Perjalanan Luar Biasa TJ Doheny Menantang Monster KO Naoya Inoue

Perjalanan luar biasa TJ Doheny menantang Monster KO Naoya Inoue , petinju Negeri Matahari Terbit terbaik sepanjang masa. Namun petinju selama Irlandia yang tersebut berbasis di tempat Australia ini telah tidak ada asing lagi dengan petinju-petinju yang mendominasi dari negeri matahari terbit tersebut.
TJ Doheny akan memasuki laga melawan Naoya Inoue dengan kepercayaan diri yang tinggi ketika ia bertarung melawan juara kelas bulu divisi junior tak terbantahkan ini pada Ariake Arena, Jepang, pada 3 September. Petarung kidal ini sedang di perjalanan menuju tiga kemenangan KO teknikal beruntun di dalam Jepang, melawan Bryl Bayogos, Japhethlee Llamido dan juga Kazuki Nakajima, di sembilan ronde.

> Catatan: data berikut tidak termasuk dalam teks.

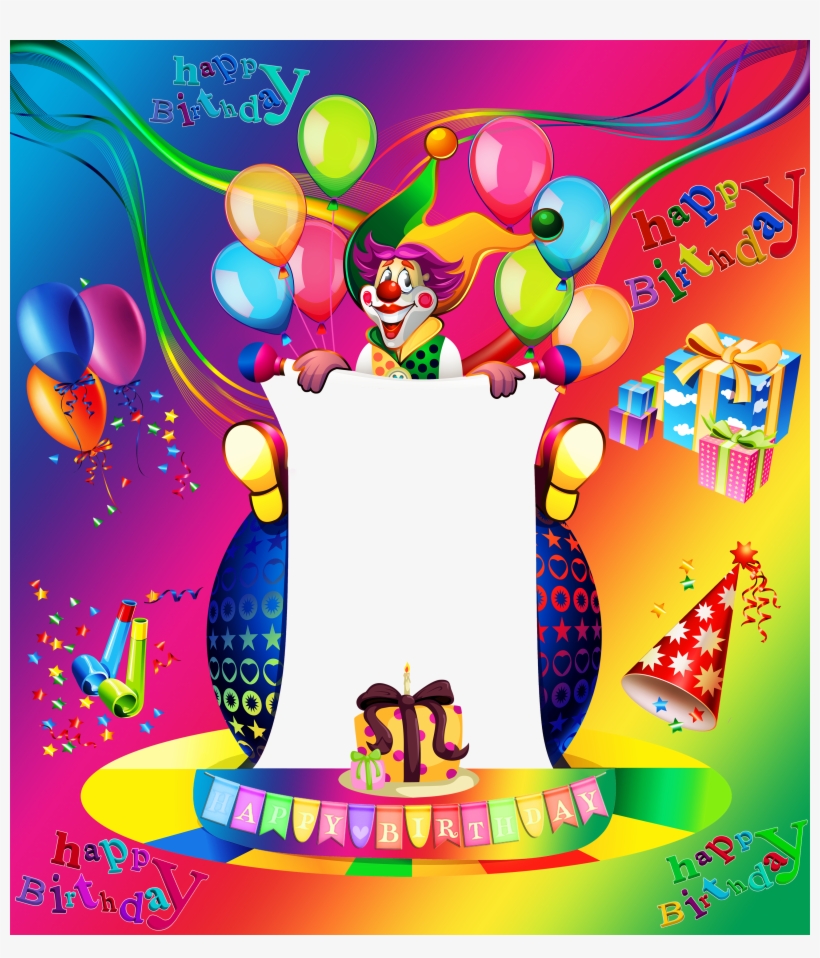 Birthday Frame Png, transparent png
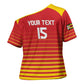Custom Zimbabwe Cricket Cross Shoulder Shirt Go Chevrons Go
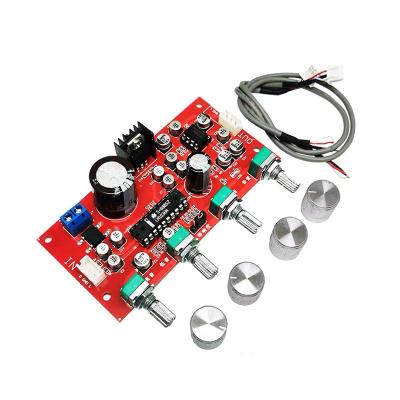 China LM1036 NE5532 Audio Amplifier Board Preamp Tone Conrtol Pre Amplifier PCB Assembly Tone Preamplifier Board Balance Equalizer OTHER for sale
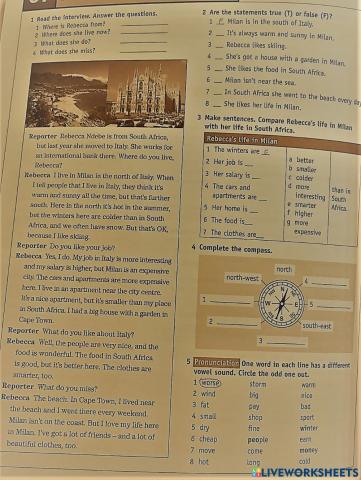 Comparative reading comp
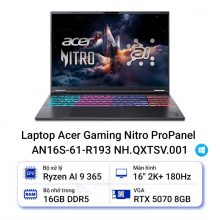 Laptop Acer Gaming Nitro ProPanel AN16S-61-R193 NH.QXTSV.001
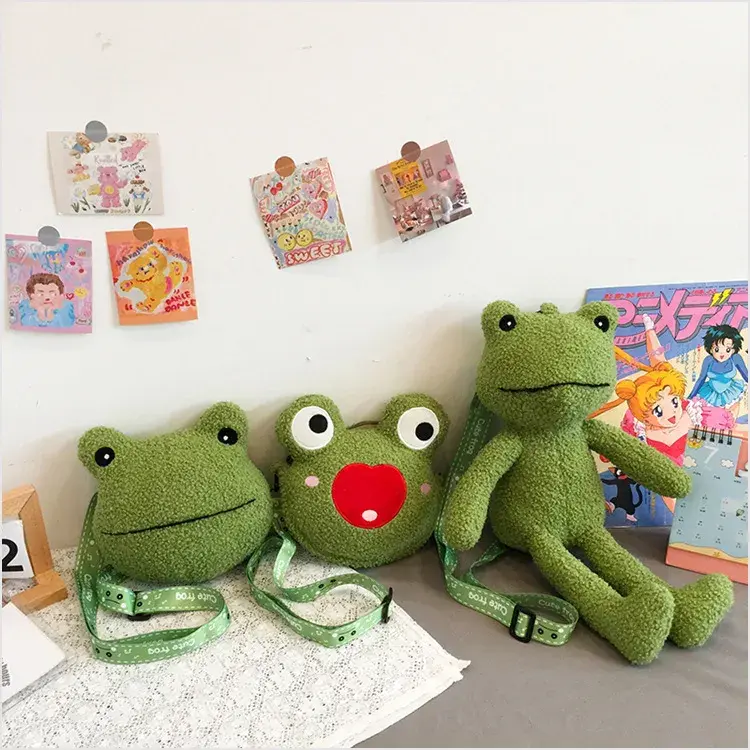 Cutie Plush Frog Zipper Purse (3 Designs)
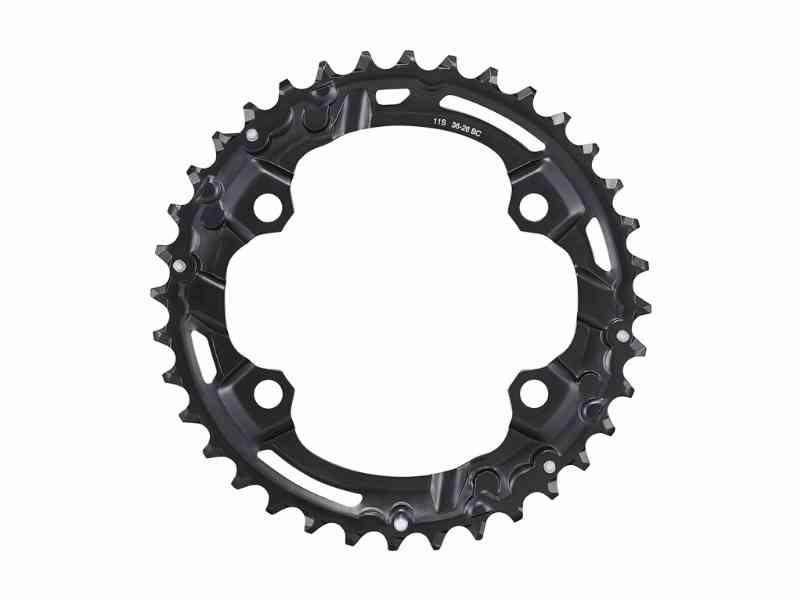Shimano Deore - 36 tands klinge til dobbelt kranksæt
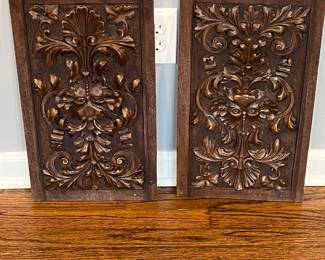 Small carved panels (2)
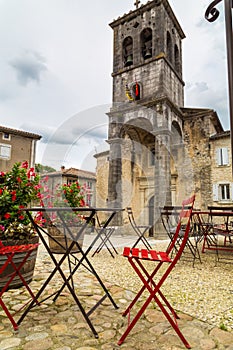 La beaume village in the Ardeche river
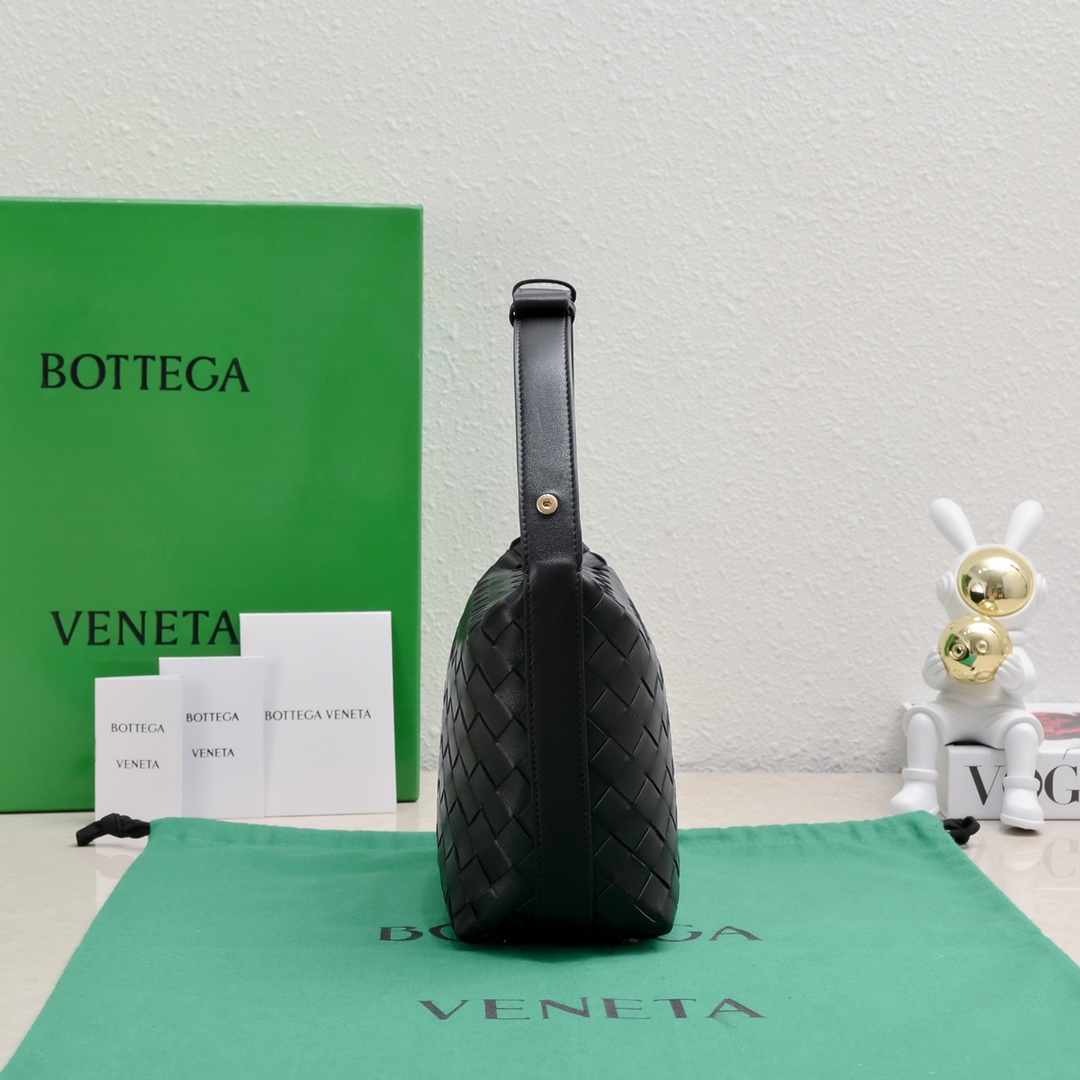 Bagsaaa B0tt*ga Ven*ta Wallace Black - 22x13x9.5cm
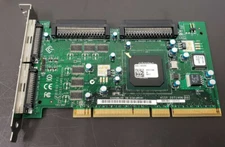 Dell Adaptec ASC-39320A PCI-X Dual Channel Ultra320 U320 SCSI Controller Card
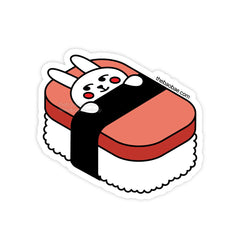 The Bao Bae-Bunny Spam Musubi Sticker-accessory-gather here online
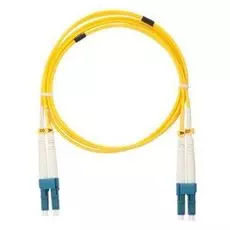 Патч-корд волоконно-оптический NIKOLAN NMF-PC2S2C2-LCU-LCU-001 9/125мкм, стандарта OS2, LC/UPC-LC/UPC, двойной, LSZH нг(A)-HFLTx, 2мм, желтый, 1м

Doheny (26-4, 20 KO) menjadi juara IBF kelas 55,3 kilogram di area Jepun pada tahun 2018, dengan kemenangan bilangan mutlak berhadapan dengan Ryosuke Iwasa. Ia mempertahankan gelarnya melawan Ryohei Takahashi dari Negeri Sakura di area New York, yang dimaksud mengakibatkan rekornya melawan petarung Nippon menjadi 5-0.
Namun Inoue (27-0, 24 KO) bukanlah lawan yang mana biasa – petinju terbaik dunia ini telah lama menghancurkan semua orang yang digunakan pernah berhadapan dengannya selama 12 tahun terakhir. Agen tinju Sean Gibbons lalu Mike Altamura telah dilakukan menangani karier Doheny selama hampir satu dekade.
Meskipun Inoue terdaftar sebagai unggulan taruhan -5000, Gibbons yakin bahwa anak asuhnya memiliki kesempatan besar untuk mengejutkan sang juara empat divisi, yang digunakan berusia 31 tahun, enam tahun lebih banyak muda dari Doheny.
”TJ adalah lawan yang tersebut sangat layak,” kata Gibbons terhadap BoxingScene.
”Dia mempunyai sejarah yang tersebut sangat panjang pada Negeri Matahari Terbit kemudian ia mencapai puncaknya pada waktu yang tersebut tepat. Saya pikir beliau akan mengejutkan sejumlah orang. Inoue tidaklah pernah benar-benar terpukul dikarenakan ia sangat bagus. TJ menyebabkan banyak hal ke di permainan kemudian ia harus mencoba untuk menghajarnya kemudian membuatnya kesulitan, oleh sebab itu ia tak akan bisa saja mengalahkannya. Ia tidaklah akan rugi. Ia akan tampil dengan santai serta nyaman.”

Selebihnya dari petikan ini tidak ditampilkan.